HPD and union reach deal on new work shift
Honolulu police officers will work more days a week but have shorter shifts under a new contract designed to keep officers alert and give them enough days off to work second jobs.
Here is a comparison of the current police work schedule and the proposed one:
Week 1: Three 12-hour days, four days off
Week 2: Three 12-hour days, four days off
Week 3: Four 12-hour days, three days off
Total: 120 hours, or 40 hours every week
Police Chief Boisse Correa's proposed schedule:
Week 1: Five eight-hour shifts
Week 2: Five eight-hour shifts
Total: 80 hours, or 40 hours every week
Week 1: Four nine-hour shifts and one eight-hour shift, two days off
Week 2: Four nine-hour shifts, three days off
Total: 80 hours
When the new schedule kicks in Aug. 13, officers will basically work nine-hour shifts instead of the current 12-hour shifts, said Detective Alex Garcia, chairman of the Honolulu chapter of the State of Hawaii Organization of Police Officers.
Currently, in a three-week schedule, officers work three days of 12-hour shifts and have four days off in weeks one and two; and they work four 12-hour shifts with three days off in week three.
The schedule is popular with many officers, but Police Chief Boisse Correa wanted to switch to a five-day, eight-hour schedule by late June or early July, partly because of concerns that the current schedule left officers too tired.
Negotiations for a new schedule between the police union and the Honolulu Police Department began in January.
The new deal employs a two-week schedule with officers working four nine-hour shifts and one eight-hour shift with two days off in the first week, and four nine-hour shifts with three days off in the second week, according to Garcia.
The three-day schedule for HPD officers started in 1997 as a pilot project and went islandwide in 2000. Union officials have been backing the schedule, saying it allows officers to work second jobs to make up for low pay.
Garcia, calling the agreement "satisfactory," noted that the department's original proposal also would have rotated officers' shifts every six to eight weeks, making it even harder for them to hold jobs elsewhere, attend school or spend time with family.
"We kind of met each other halfway," Garcia said of the agreement. "It satisfied the officers' need to have a permanent schedule, to be able to plan their lives."
The schedule was finalized a few days ago, Garcia said, and SHOPO members were told about its details yesterday afternoon.
Correa could not be reached for comment.
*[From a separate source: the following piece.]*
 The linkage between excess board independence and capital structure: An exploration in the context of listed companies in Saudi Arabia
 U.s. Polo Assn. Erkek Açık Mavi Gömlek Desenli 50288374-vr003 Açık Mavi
In a statement he said, "We did our best to consider suggestions and concerns of our officers and the safety of the public and our employees."
Starting pay for Honolulu officers is $37,500. After four years they receive $42,240. The current contract expires in 2007.
The agreement will not affect officers' salaries, said HPD spokeswoman Michelle Yu. She could not immediately say how many officers would be affected by the new schedule, but that it would include all patrol officers and a few others.